Nach zehn Pflichtspielen hält Kane zwar bei starken neun Toren, vier davon resultierten jedoch aus Elfmetern. Sowohl gegen Kopenhagen am Dienstag als auch gegen Freiburg blieb Kane torlos, in den vergangenen drei Partien gelang ihm kein Treffer aus dem Spiel heraus. "Er hatte heute und in Kopenhagen nicht das Glück, dass die Bälle für ihn hinfallen", sagte Tuchel nach dem Freiburg-Spiel.

Zeit für ein erstes Zwischenfazit: Wie torgefährlich, abschlussfreudig und effektiv präsentiert sich Kane beim FC Bayern bisher im Vergleich zu seiner vergangenen Saison bei Tottenham und Lewandowskis letzter in München? Kane trifft für den FC Bayern alle 89 Minuten. Bei Tottenham lag dieser Wert bei 134, Lewandowskis in München bei 80. Zum Abschluss kommt Kane beim FC Bayern alle 25,94 Minuten. Eine leichte Steigerung zu den 27,39 bei Tottenham. Lewandowski war auch hier besser mit einem Abschluss alle 20,13 Minuten.

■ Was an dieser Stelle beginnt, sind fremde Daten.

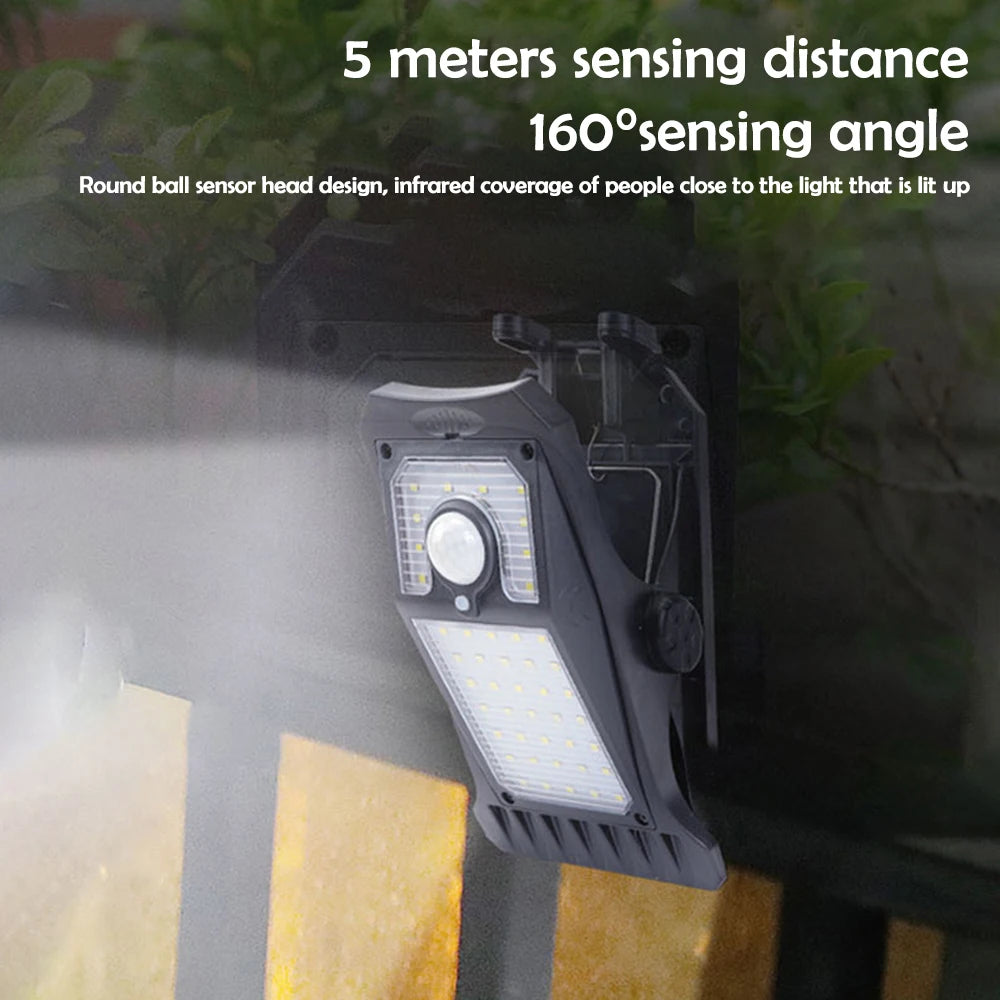 Garden Light Clip Type Solar Lamps DC5.5V Outdoor Road Motion Sensor Waterproof Lighting USB Rechargeable warm light/cool light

Beachtlich ist, dass Kane für seine bisher neun Treffer lediglich einen xG-Wert von 7,49 benötigte. Aber auch in der vergangenen Saison war er effektiver, als es statistisch erwartbar gewesen wäre: 32 Tore statt 25,41. Lewandowski schloss in seiner letzten Saison beim FC Bayern diesbezüglich etwas schlechter ab: Für seine 50 Treffer benötigte er einen xG-Wert von 45,33.

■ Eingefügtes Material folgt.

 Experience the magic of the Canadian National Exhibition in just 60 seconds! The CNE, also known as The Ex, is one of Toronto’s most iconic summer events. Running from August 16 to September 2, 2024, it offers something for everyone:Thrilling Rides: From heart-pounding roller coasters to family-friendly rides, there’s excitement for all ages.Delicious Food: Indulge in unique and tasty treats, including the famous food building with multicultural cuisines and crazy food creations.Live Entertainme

In einem Interview mit der SportBild prophezeite Lewandowski seinem Nachfolger neulich, dass "das erste Jahr sicher nicht leicht" für ihn wird: "Harry braucht Zeit, den FC Bayern zu verstehen. Das ist eine Herausforderung." Kane selbst wollte nach dem Sieg gegen Freiburg über seine aktuelle Situation nicht sprechen. "Not today", sagte er freundlich und verabschiedete sich in die Länderspielpause.